As some of you know, I’m fairly ‘gourmande’ (fond of food), so long as I don’t have to cook it and I have just had a culinary experience which ‘a mis en fête mes papilles’ (tickled my taste-buds).
It all started on the Eurostar. As I was trying to manoeuvre a highly embarrassing number of suitcases on to the train, ‘j’ai confié une mission à ma fille’ (I entrusted my daughter with a task); to claim our window seats from a French mother and daughter team who ‘les convoitaient’ (were lusting after them). With all the grace of a diplomat ‘expérimentée’ (experienced), she confirmed that they were ‘en effet’ (indeed) our seats, but that the ladies were most welcome to take them. The ladies, being most ‘courtoises’ (gracious) themselves, took their (proper) places ‘correctes’ and ‘nous nous sommes bien installées’ (we settled in) for the journey. We quickly introduced ourselves ‘nous nous sommes vite présentées’ and by the time we arrived in Paris we had swapped ‘cartes de visite’ (business cards), ‘racontées nos vies’ (shared life stories) and ‘surtout’ (most importantly) we were ‘invitées à manger’ (invited for dinner) ‘le weekend d’après’ (the following weekend)!
We crossed Paris the following Sunday morning with ‘un narcisse en paquet cadeau’ (gift-wrapped narcissus), a bottle of wine ‘pour la cave’ (for the cellar), and ‘mon tricot’ (my knitting) as I had found a fellow ‘passionnée’ (enthusiast). Our hosts had prepared an authentic couscous – not the boil, pour and stir variety that I know and love – but a proper hand-steamed-started-cooking-while-you-were-still-in-bed ‘délice’ (delight). ‘Nous nous sommes régalées! (We had a real feast!) Fatalement (inevitably – not fatally) it was our turn to invite them for a meal and ‘mon cœur sombrait à cette seule pensée’ (my heart sank at the prospect).

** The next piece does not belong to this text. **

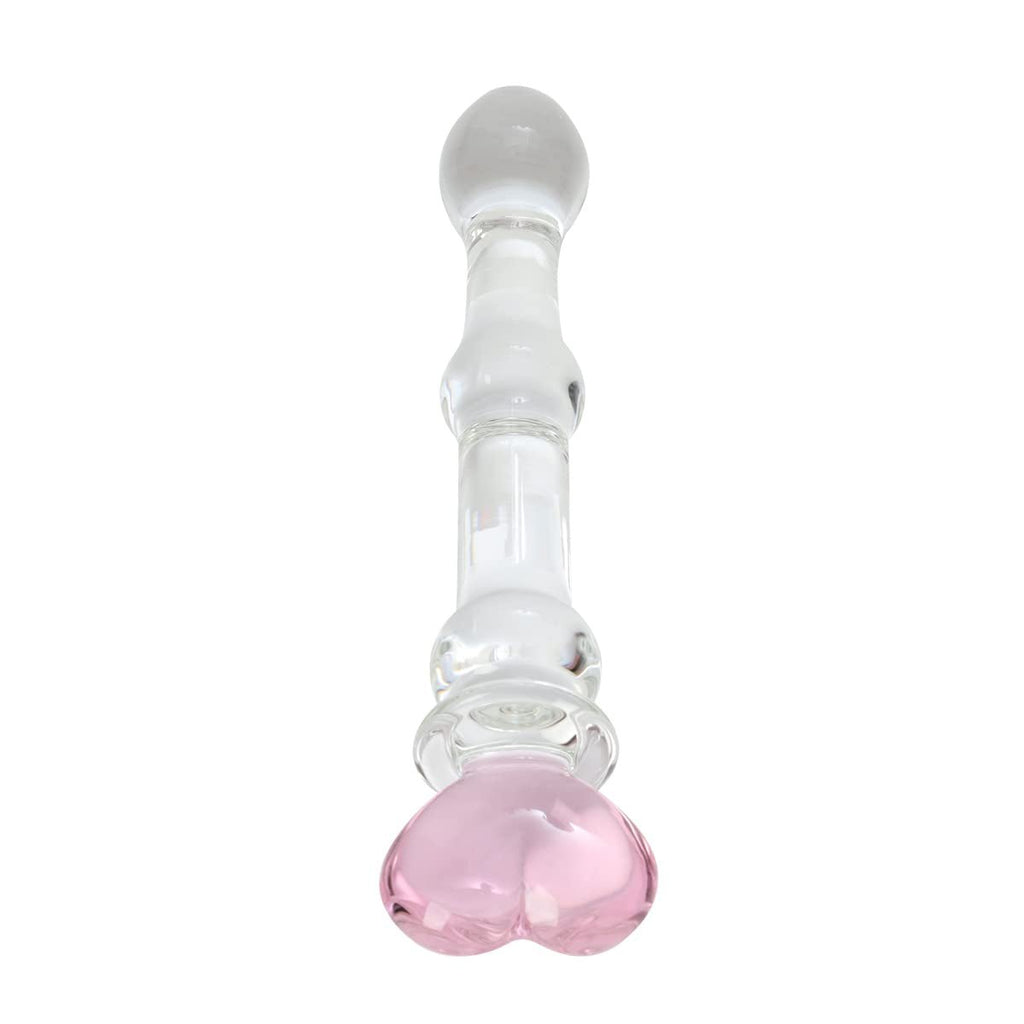 HeartGlass Pink Heart Glass Dildo Wand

My cooking ability “n’a rien à voir avec le vôtre’ (is nothing like yours) I confessed to our hostess. “What about Fish and Chips?” she suggested.

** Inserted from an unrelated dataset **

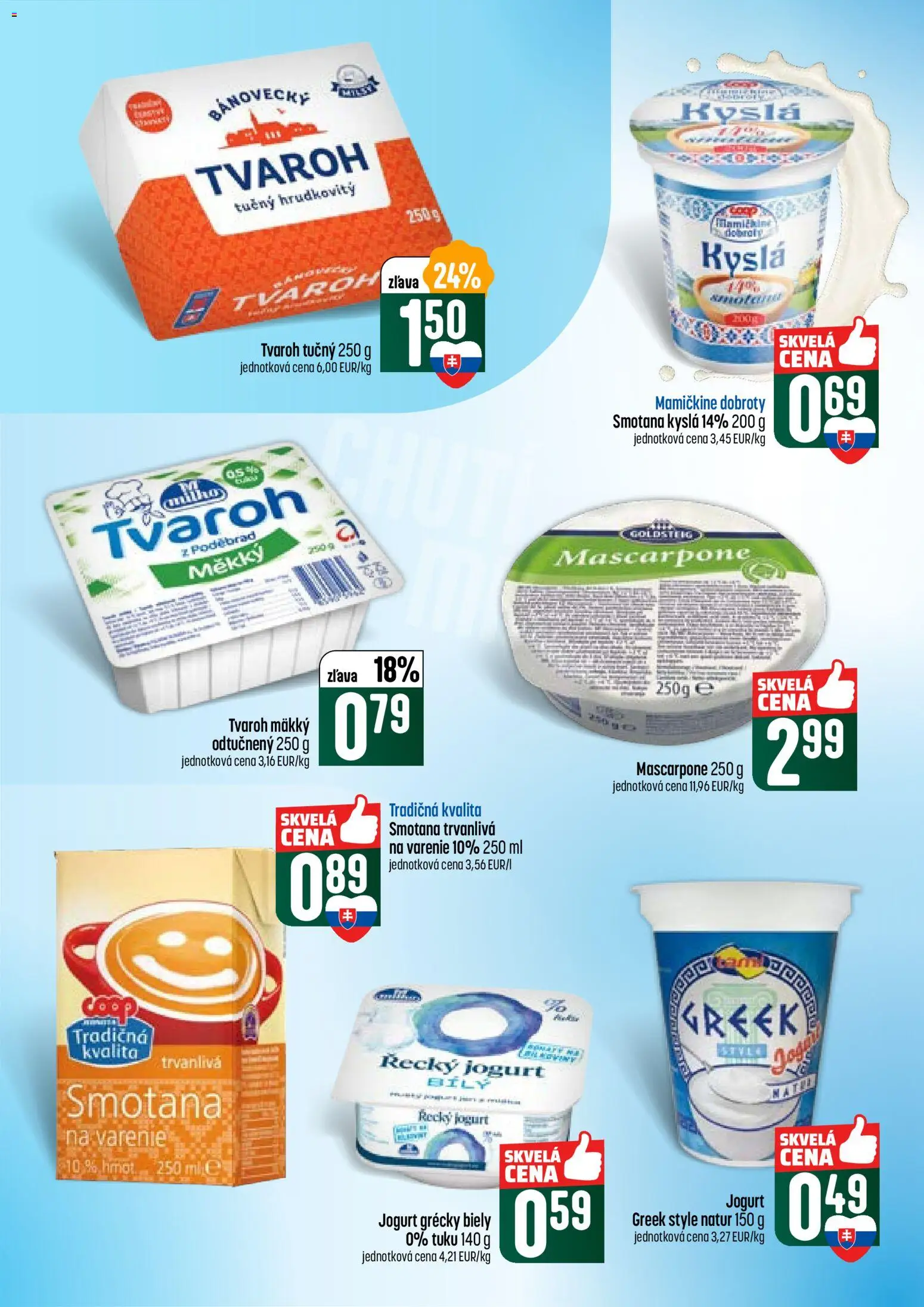 Nové COOP Jednota akcie – leták je platný od 15.01.2026 | Strana: 24 | Produkty: Smotana, Biely jogurt, Tvaroh, Mascarpone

To ‘contrebalancer’ (counter balance) my couscous and croissant lifestyle, I have recently taken on ‘un coach privé’ (a personal trainer). We ‘échange’ a French lesson ‘contre’ (for) a ‘séance d’entrainement’ (workout) and I really feel that she has ‘la plus grosse part du gâteau’ (the better part of the bargain) – a particularly ‘pertinent’ (relevant) translation as we shall see… She sips tea while I instruct her in ‘les mystères’ (the mysteries) of the French language; then the following hour she hovers with a stop-watch while I stagger about on various combinations of ‘membres’ (limbs) before ‘m’écrouler’ (collapsing) in a heap ‘à ses pieds’ ( at her feet). She had ‘l’audace’ (the gall) to suggest that I might want to stop treats for a while ‘pour retrouver ma ligne’ (to get back in shape. Unfortunately her advice coincided with me having just made the biggest, pinkest birthday cake ever. Chaque chose en son temps! (First things first!)